Ocak ayında, Hamas üç rehineyi serbest bırakırken, İsrail 183 Filistinli tutukluyu serbest bıraktı. Bu adımlar, taraflar arasında bir nebze de olsa tansiyonu düşürdü.
Lübnan'da Ateşkes ve İç Dinamikler
İsrail ile Lübnan arasında Kasım 2024'te ilan edilen 60 günlük ateşkes, Şubat 2025 ortasına kadar uzatıldı. Ancak İsrail'in, ateşkes anlaşmasında belirtilen bazı bölgelerden çekilmeyi reddetmesi, evlerine dönmeye çalışan sivillerle çatışmalara yol açtı. Bu durum, bölgedeki istikrarsızlığı artırdı.
Kişisel Görüşler
Orta Doğu'daki bu gelişmeler, bölgenin ne kadar kırılgan ve dinamik bir yapıya sahip olduğunu bir kez daha gösteriyor. Suriye'deki rejim değişikliği, sadece ülke içindeki dengeleri değil, aynı zamanda bölgesel güçlerin stratejilerini de etkiliyor. İran'ın nüfuz kaybı, yeni ittifakların ve politikaların oluşmasına zemin hazırlayabilir.

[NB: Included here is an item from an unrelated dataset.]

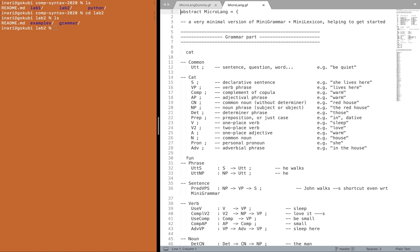This is a tutorial on how to get started with GF grammar writing. My first tip is how to use syntax highlighting.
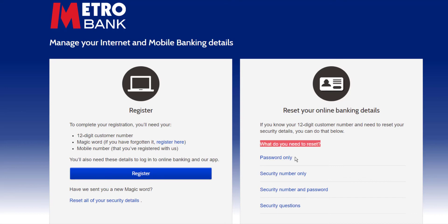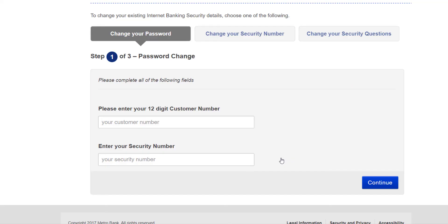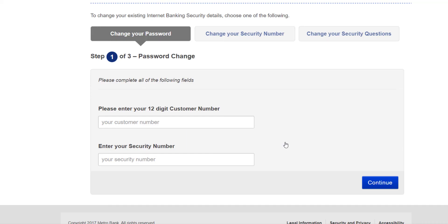Choose password only, and now you'll have to enter your 12-digit customer number and your security number. After you follow all the steps provided to you, you can successfully reset the password of your Metro Bank's online banking account.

İsrail-Filistin gerilimi ise uluslararası toplumun daha etkin ve adil bir yaklaşım sergilemesini gerektiriyor. Trump'ın tehditkâr söylemleri, sorunu çözmek yerine daha da karmaşık hale getirebilir. Barışçıl ve diplomatik çözümler, bölgenin istikrarı için elzemdir.
Lübnan'daki durum, ateşkeslerin kalıcı barışa dönüşmesinin ne kadar zor olduğunu gösteriyor. Tarafların karşılıklı güven inşa etmesi ve uluslararası toplumun desteği, bu süreçte kritik öneme sahip.
Sonuç olarak, 2025'in ilk iki ayı, Orta Doğu'da önemli değişimlerin ve zorlukların yaşandığı bir dönem oldu. Bölgedeki aktörlerin atacağı adımlar, gelecekteki barış ve istikrarın belirleyicisi olacaktır.